Human rights activists launched a campaign of pressure on the British University of Cambridge to stop its likely cooperation with the ruling regime in the Emirates because of its approach of repression and human rights violations.
The Cambridge Ethical Affairs campaign called for halting any cooperation with the UAE regime in light of the UAE’s horrific history of human rights violations and violations of international law.
The campaign highlighted the arbitrary detention of academics in the UAE, such as Matthew Hedges, who was imprisoned and tortured in 2018 for several months because of his research on the state’s rulers and their abuses.
The human rights campaign described the UAE as an “authoritarian state that uses its wealth to whitewash its reputation,” stressing that the Abu Dhabi regime “does everything that higher education institutions should not do.”
The campaign concluded by sending a message to the Cambridge University administration that the university should not sell its values and principles for the UAE’s dirty money.
The tarnished image of the UAE has been reinforced in recent years due to its flagrant violations of human rights internally and its wars and aggressive interventions externally, which makes it an international pariah state.
The newspaper stated that the University of Cambridge and the UAE signed a cooperation agreement worth 400 million pounds, equivalent to 550 million dollars, and for ten years, as it is the largest deal in the university’s ancient history.
According to internal documents seen by the Guardian, the 10-year collaboration will help Cambridge “meet the challenges posed to universities as a result of the coronavirus, Brexit and a tight funding environment”.

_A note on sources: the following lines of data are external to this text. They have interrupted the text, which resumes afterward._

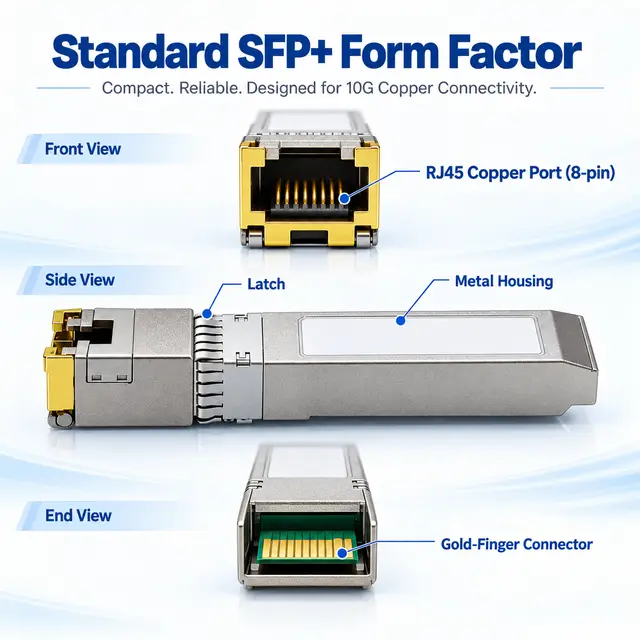 10G SFP+ Copper RJ45 10GBASE-T 30-100m Cat6a/Cat7 - t7 Hot-Swappable technical drawing 1: dimensions, structure and interfaces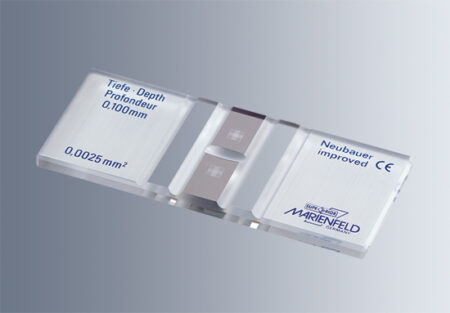 Counting Chamber Neubauer Improved (Tiefe) with Dark Lines 0.01mm Depth (1/Pack), a rectangular glass hemocytometer for cell counting, features marked chambers and etched dark grid lines, shown on a gradient grey background.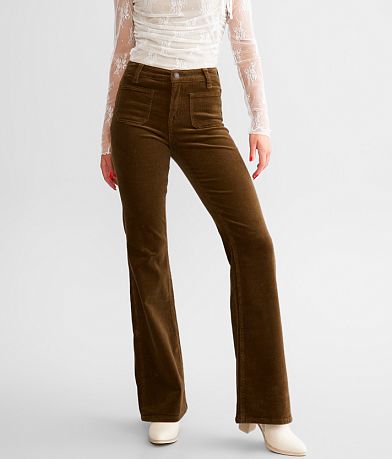 Willow & Root Mesh Flare Stretch Pant - Women's Pants in Brown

The documents indicate that the UAE pledged 312 million pounds, which is the largest individual donation received by the university so far and paying 90 million pounds in kind for the working hours of Cambridge employees.
As the Guardian has learned, the deal has yet to be brought to the university’s General Counsel. If approved, the Cambridge Institute for Innovation in the UAE will start operating as a virtual entity, bearing the “UAE-Cambridge co-brand”.
Key focus areas will include education, Islamic art and culture, engineering and innovation, particularly research into alternatives to fossil fuels.
Three years ago, British academic Matthew Hedges was convicted in the UAE of espionage after he went to Dubai to conduct research. Hedges issued four senior officials from the Gulf state who he claims are complicit in his imprisonment and torture.
The Cambridge University documents acknowledge the reputational risk such collaboration poses, raising concerns about “the gap in values, academic freedom and institutional independence, and the potential burden such a large partnership could place on parts of the University and the attendant distractions from its mission.”
Nicholas McGeehan, a researcher on human rights in the Gulf states, said: “This is an ‘alliance with the devil’ and should be of deep concern to faculty, students and alumni at Cambridge and academics in the UK more broadly.”
He added that “the UAE is a deeply illiberal country that has zero tolerance for freedom of expression and critical thought, and it deals with its critics most brutally through torture and enforced disappearance.”
Joe Grady, secretary-general of the Association of Universities and Colleges, said: “This is a clear case of a wealthy authoritarian country using its wealth to try to wash its reputation. It would be a shame if Cambridge University would be willing to exploit it in this way.”
Human rights activists have previously accused the British government of covering up human rights violations and the “almost complete obliteration of freedom of expression” in the UAE.
According to the British Middle East Eye website, the British Embassy in Abu Dhabi cooperated with the Emirati newspaper, The National, launched the 2019 award. It asked applicants to write an opinion article on the UAE initiative “Year of Tolerance”.
The conditions of the competition said at the time that they should think about “what the world can learn from the Emirati model of tolerance” and “How can the Year of Tolerance initiative reflect the values of diversity that already exist in the UAE?”
But the terms of the award also told applicants that they must abide by the UAE’s media laws, which prohibit criticism of the UAE government, the ruling family, its monarchy, political decisions, or “defamation of government officials.”
For her part, Heba Zayadin, an expert on Gulf affairs with Human Rights Watch, criticized the British government for its participation in this initiative and said that it “helps cover-up (the actions)” of the UAE government.
“Hosting such an initiative in one of the most repressive countries is not just ridiculous, but irresponsible,” Heba told Middle East Eye.
She added, “The UAE is a country where red lines are constantly increasing, and journalists, academics, and critics are targeted, harassed, threatened, and arrested simply for expressing their opinion.”